Kultur ermöglicht vielfältige Räume des sozialen Miteinanders, der Begegnung und des Dialogs. Ob auf der Bühne, in den Galerien und Projekträumen, auf der Straße oder in den Clubs: Diese Vielfalt hält Berlin, Deutschland überhaupt erst lebendig und weltoffen. Als ein Land mit Kulturorten für all ihre Communitys, ein Magnet für die internationale Kulturszene.
Die Freie Szene, die etablierten Institutionen aller Sparten und die Amateurkultur, Berliner*innen und internationale Gäst*innen sind durch ihre Kultur auf vielfältige Weise miteinander verwoben und im Austausch – ein Ökosystem. Vielleicht Magie.
Wir bilden dadurch auch ein geistiges Zuhause für viele. Der Theatermensch George Tabori sagte mal:
„Ich bin kein Regisseur, ich bin ein Spielmann. Ich bin grundsätzlich ein Fremdling. Erst hat mich das gestört, aber alle Theatermacher, die ich liebe, waren Fremde. Meine Heimat ist ein Bett und eine Bühne.“
Bühne als Heimat. Das Theater ist ein Zuhause für so viele von uns geworden, oder war es schon immer – ein Schutzraum, ein intersektionaler, diverser Ort von Vielfältigkeit, eine Heterotopie, ein Ort im Ort. Eine andere Welt, in dieser – ein Ort, der sich vor allem und immer wieder dem Fragen zuwendet. Der Liebe zuwendet. Dem Fremden zuwendet. Das Theater bildet einen Möglichkeitsraum, in dem wir uns begegnen können. So wie ich Euch begegnen kann. Jetzt hier.
Aber: Der Bund plant die Kürzung der Kulturfonds um 50 Prozent und die Streichung der Gelder für das Bündnis internationaler Produktionshäuser – diese Ankündigungen haben eine Signalwirkung in die Länder und müssen korrigiert werden – auch nach dem Ampel-Aus!
Die angekündigten Kürzungen von 10% im Berliner Kulturetat für 2025 und 2026 wären ein historischer Rückschritt.
Die Tanztage zum Beispiel in den Sophiensӕlen, ein etabliertes Festival für den Nachwuchs junger Berliner Choreograf*innen, muss schon in der nächsten Ausgabe ihr Programm massiv verkleinern.
Berlin lebt von der kulturellen Vielfalt. Sie sichert gesellschaftlichen Zusammenhalt und Lebensqualität, sie schafft internationale Strahlkraft. Berlin lebt von der Kultur. Sie ist der entscheidende Standortfaktor. Sie ist unsere Schwerindustrie.

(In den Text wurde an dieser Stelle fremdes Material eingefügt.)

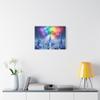 A Rainbow Fireworks Show Over a Crystal City - Matte Canvas Wall Art 24 * 18 inches - Made in USA view 3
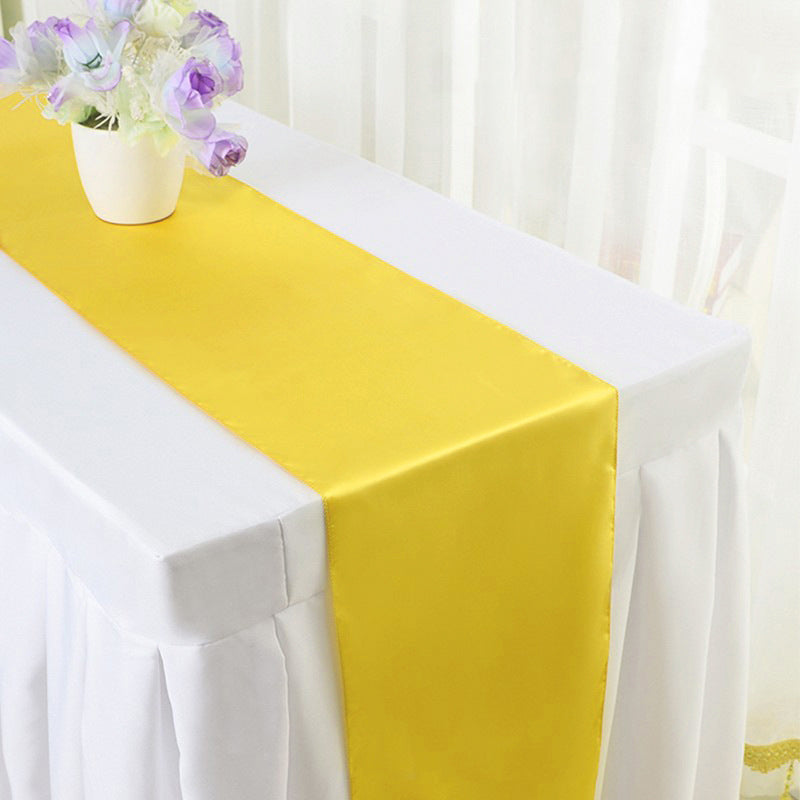 Satin Table Runner 12"x110" Bright Yellow
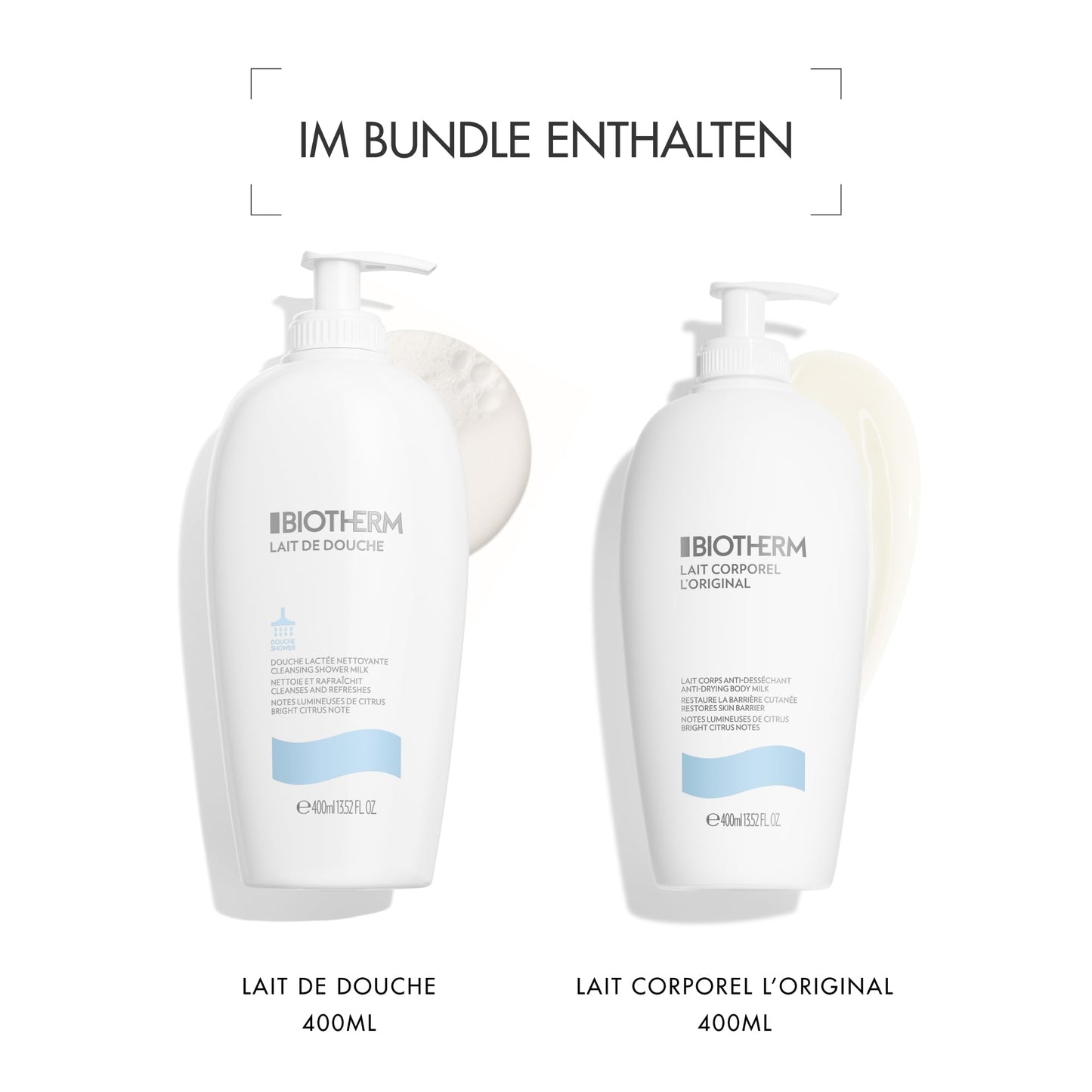 Biotherm care duo with Lait Corporel L'Original body lotion 400 ml & Lait De Douche shower gel 400 ml, moisturizing body care with Life Plankton & citrus scent for supple skin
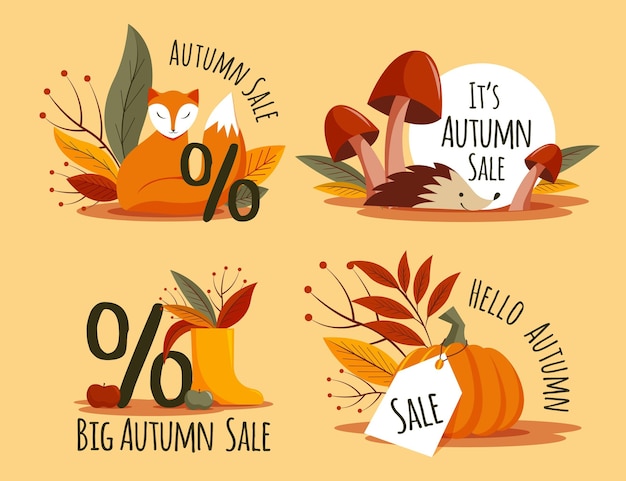 Collezione di etichette di vendita autunnale piatta disegnata a mano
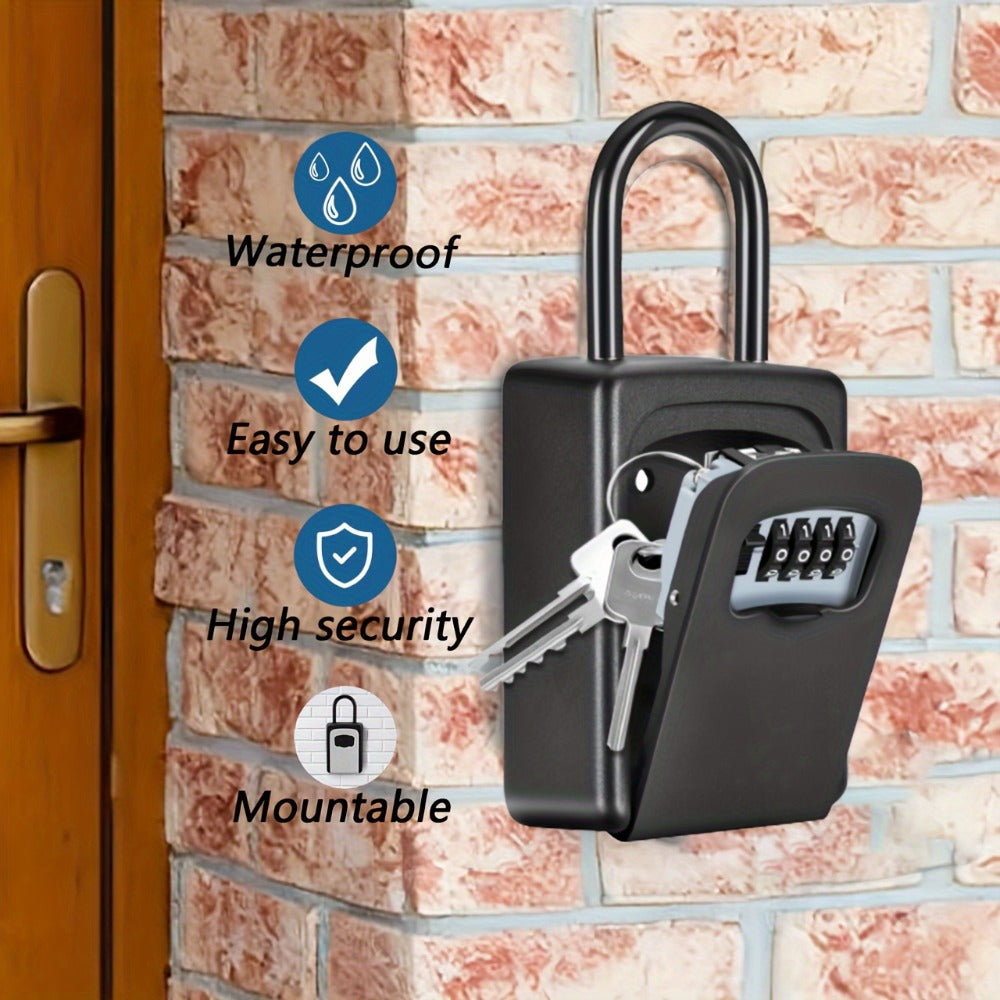 Wall-Mounted Key Lock Box with Resettable Password - Waterproof Outdoor Key Safe Box, Security Lock Box for Home Garage Garden Office Store, Heavy Duty Metal Construction, Black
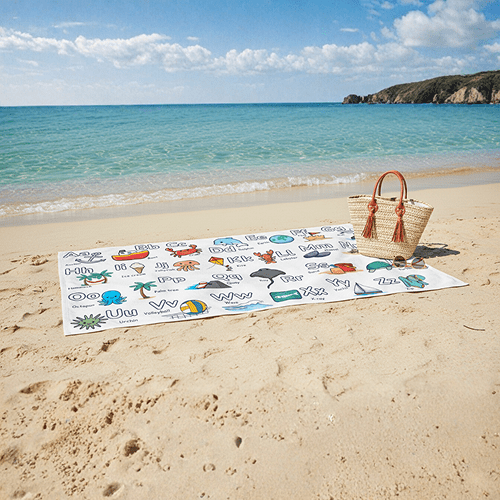 BEACH TOWEL Alphabet A–Z Learning Design | Educational Gift for Kids to Learn Letters - Love Life Journey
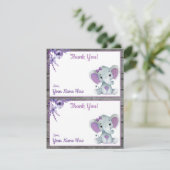 1ページに2つサンキューカードエレファントパープル 招待状 (スタンド正面)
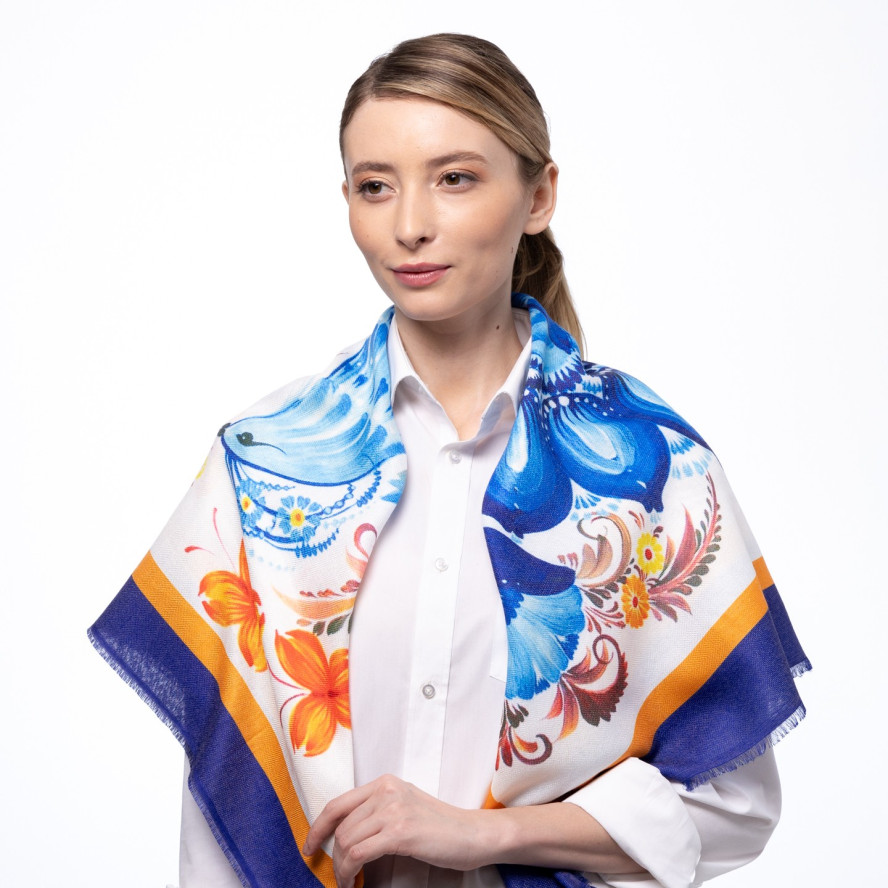 Хустка жіноча з принтом бавовна різнокольорова ДАРА 384-286, фото 5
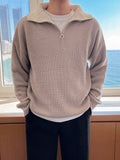 Half High Neck Zipper Men's Sweater Autumn Korean Loose Fashion Warm Long Sleeve Male Pullover Casual Lapel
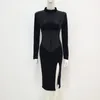 Casual klänningar kvinnor sammet polyester mesh mode vår höst sexig delad långärmad bodycon svart smal knä längd kvinnliga kläder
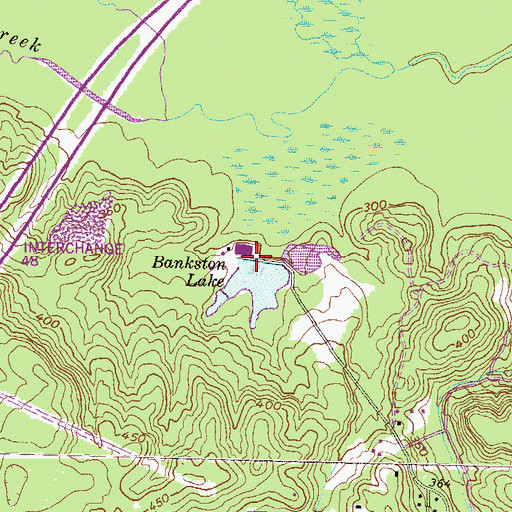 Topographic Map of Bankston Lake Dam, GA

Wir appellieren daher entschieden, die geplanten Kürzungen im Kulturbereich auf Bundes- und Länderebene abzuwenden.
Wir sind die Spielmacher*innen, Fremdlinge in dieser Welt, beheimatet in der Parallelwelt der Möglichkeitsräume, die wir für alle bespielen.
Wo ist der Ort, an dem wir uns befreien, wieder erkennen können, inspiriert werden, aufatmen und unsere Gemeinschaft neu und kraftvoller denken lernen?
„Ich werde nicht ersticken am Leisesein“, sagte die Schriftstellerin Inge Müller, die sich aus den Trümmern für die nächste Generation eine Welt erschrieb, die so vielschichtig und traumhaft sein kann, dass ich mich zu ihr legen möchte. Auf die Straßen. Dorthin, wo sie es nicht geschafft hat, die Realität auszuhalten – dort halten wir zusammen. Im Schulterschluss. Wir werden nicht leise sein!
Dafür stehen ich und so viele heute hier. Vielen Dank für diese Bühne und Eure Blicke und diese Wahrheit.